Omit the pictures and extract only the lines from the line containing "Living Room - 412 E 40th St" to the end of the material, each exactly as written.

=== Begin Enclosure ===

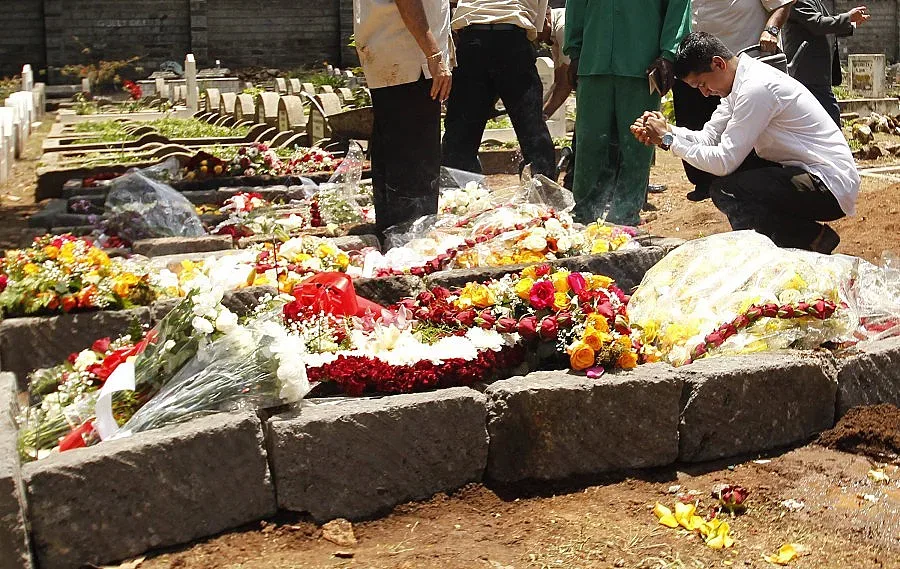 "Аш Шабаб" крила оръжия в мола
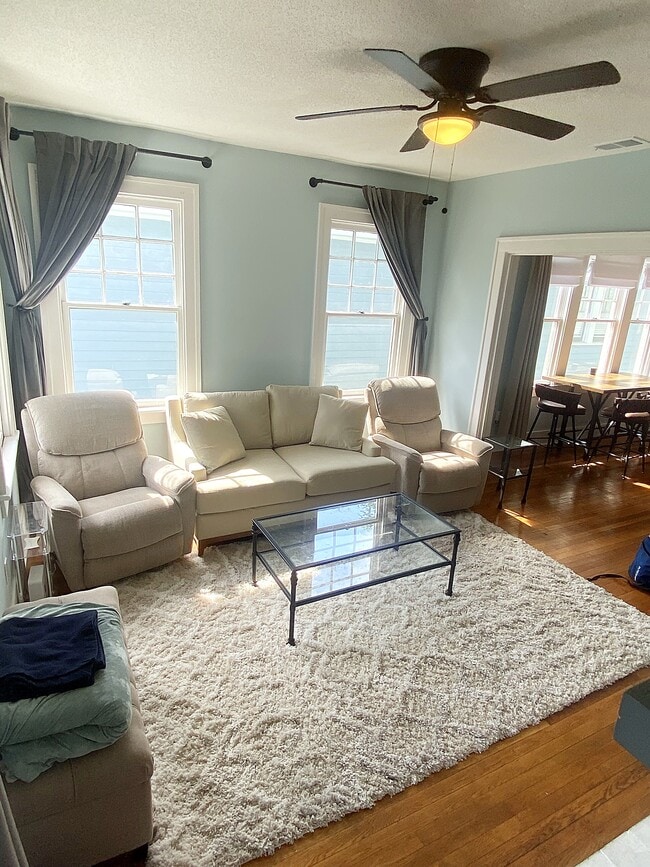 Living Room - 412 E 40th St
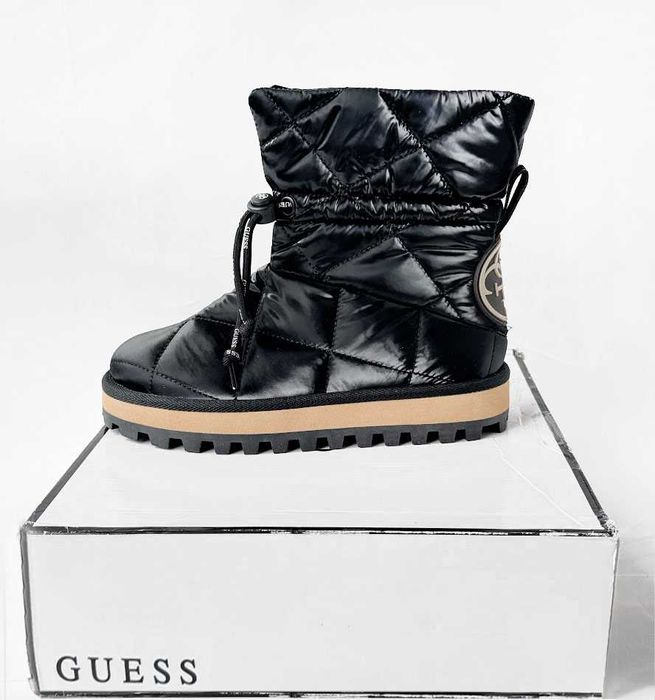 Зимові сапоги чоботи напівчоботи дутіки Guess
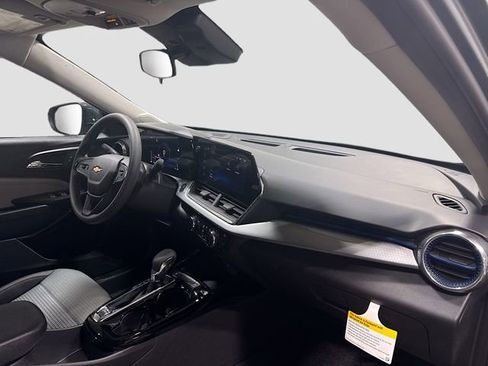 New 2026 Chevrolet Trax LT image 30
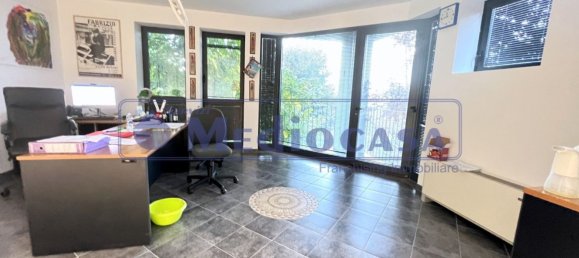 2441m² Warehouse in Boara Pisani, Italy No. 65400 42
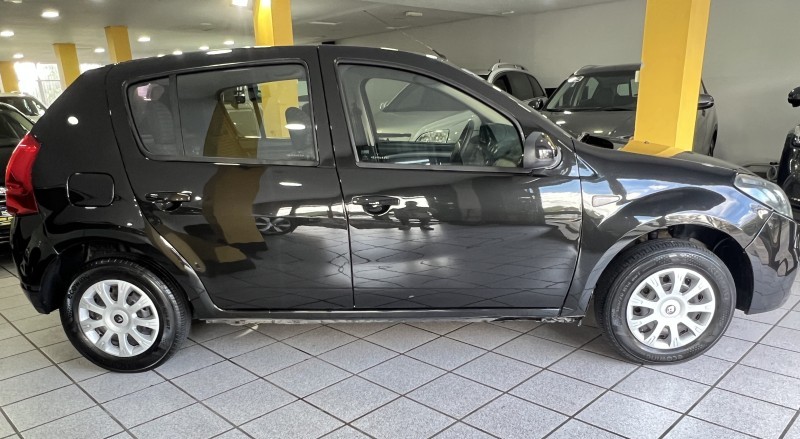 SANDERO 1.0 EXPRESSION 16V FLEX 4P MANUAL - 2014 - CAXIAS DO SUL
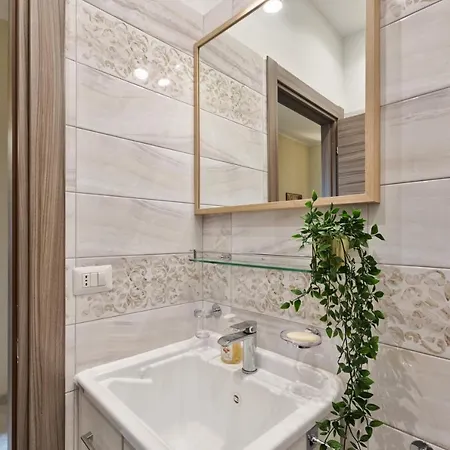 Rivoli Roomy Appartement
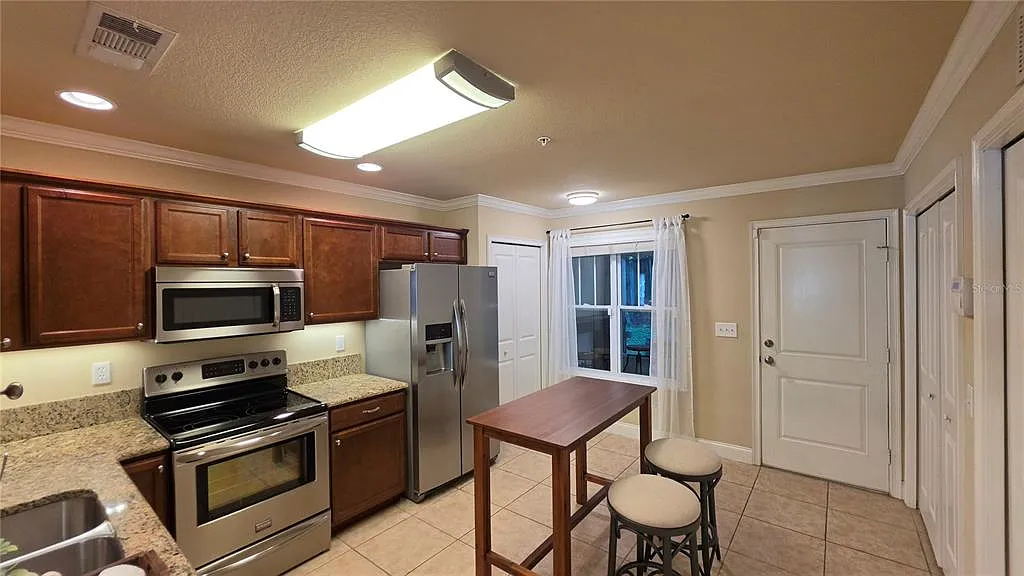 2 bed, 2.5 bath, 1141 sqft, $2,000 — Photo 3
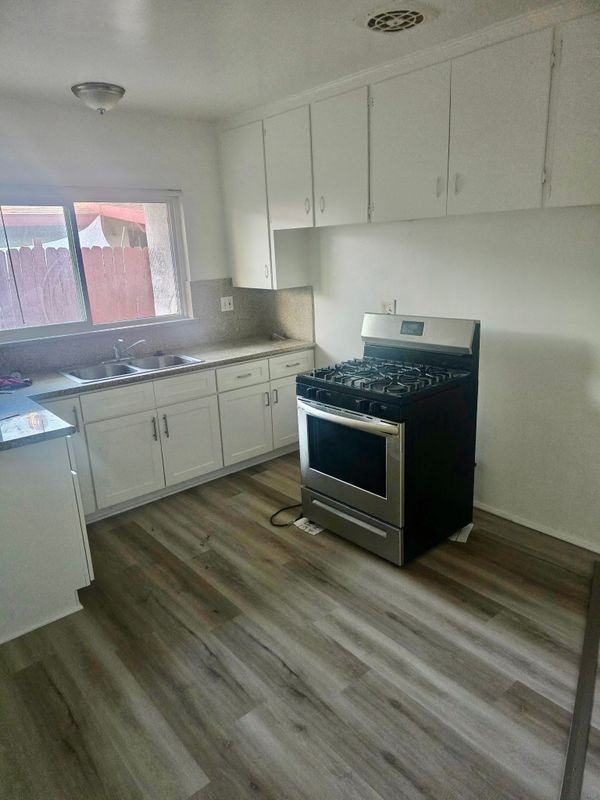 254 S Oak St - Photo 4 of 9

=== End Enclosure ===

### [The answer]
 Living Room - 412 E 40th St
 Зимові сапоги чоботи напівчоботи дутіки Guess
 New 2026 Chevrolet Trax LT image 30
 2441m² Warehouse in Boara Pisani, Italy No. 65400 42
 SANDERO 1.0 EXPRESSION 16V FLEX 4P MANUAL - 2014 - CAXIAS DO SUL
 Rivoli Roomy Appartement
 2 bed, 2.5 bath, 1141 sqft, $2,000 — Photo 3
 254 S Oak St - Photo 4 of 9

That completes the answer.